In [2]:
%load_ext autoreload
%autoreload 2
from helpers import *
import numpy as np

The autoreload extension is already loaded. To reload it, use:
  %reload_ext autoreload


# Historical Timeline
In our analysis we want to see how representation of women in american movies might be impacted by historical events. We therefore need to retrieve a history timeline. We decided to use the timeline on https://www.history.com/topics/womens-history/womens-history-us-timeline since it contains major events related to women's history in the US.

In [2]:
get_history_timeline()

Successfully accessed https://www.history.com/topics/womens-history/womens-history-us-timeline
Timeline saved in DATA/timeline.csv


# Complementing the dataset after 2010
The provided dataset does not contain information on recent movies. We thus decided to complement it using IMDB data to be able to also perform our analysis in recent years. We have two main datasets to complete: the movie dataset and the character dataset. To do so, we used the data available on https://datasets.imdbws.com/ and the library Cinemagoer that can retrieve information on IMDB.
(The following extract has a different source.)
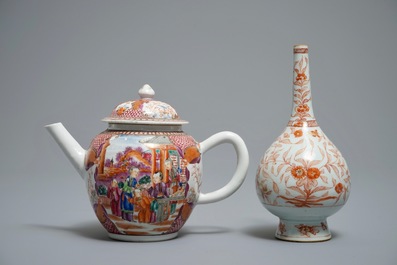 A Chinese iron red and gilt rosewater sprinkler and a mandarin design teapot, Kangxi and Qianlong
### A) Complementing movie data
To complete the movie dataset we used the following folders need to be downloaded from https://datasets.imdbws.com/, unzipped and placed in the /DATA folder:
- title.basics.tsv.gz
- title.akas.tsv.gz

However, these files are missing a lot information that we need for our analysis (plot summaries, countries, languages). We will therefore also use the library Cinemagoer to retrieve these information. In order to not have too many useless requests to IMDB through Cinemagoer, we use the datasets title.basics and titles.akas to get a list of ID of movies we are interested in.

In [3]:
titles_dataset = pd.read_csv('DATA/title.basics.tsv/data.tsv', sep='\t')
movie_IDs = filter_titles_IDs(titles_dataset)

  titles_dataset = pd.read_csv('DATA/title.basics.tsv/data.tsv', sep='\t')


In [4]:
print(len(movie_IDs)) # we still have 204'389

204389


Taking all of these movies from IMDB would take too much time. These IDs contain movies from a lot of different countries and we are only interested in american movies. We do not have the 'country' information in the downloaded datasets but we do have the 'original title' and the 'american title' in the title.akas dataset. We will use this dataset to find movies in which the original title is the same as the american one. Thus we can already remove some movies that we know are probably not american. We will of course keep a lot of non-american movies, but we can filter those out later.

In [5]:
titles_akas_dataset = pd.read_csv('DATA/title.akas.tsv/data.tsv', sep='\t')
original_titles = titles_akas_dataset[titles_akas_dataset['isOriginalTitle']==1]['title']
# get all only the lines where the title is the same as the original title
titles_akas_dataset_filtered = titles_akas_dataset[titles_akas_dataset['title'].isin(original_titles)]
# get only the movies where the US title is the same as the original title
titles_akas_dataset_filtered = titles_akas_dataset_filtered[titles_akas_dataset_filtered['region'] == 'US']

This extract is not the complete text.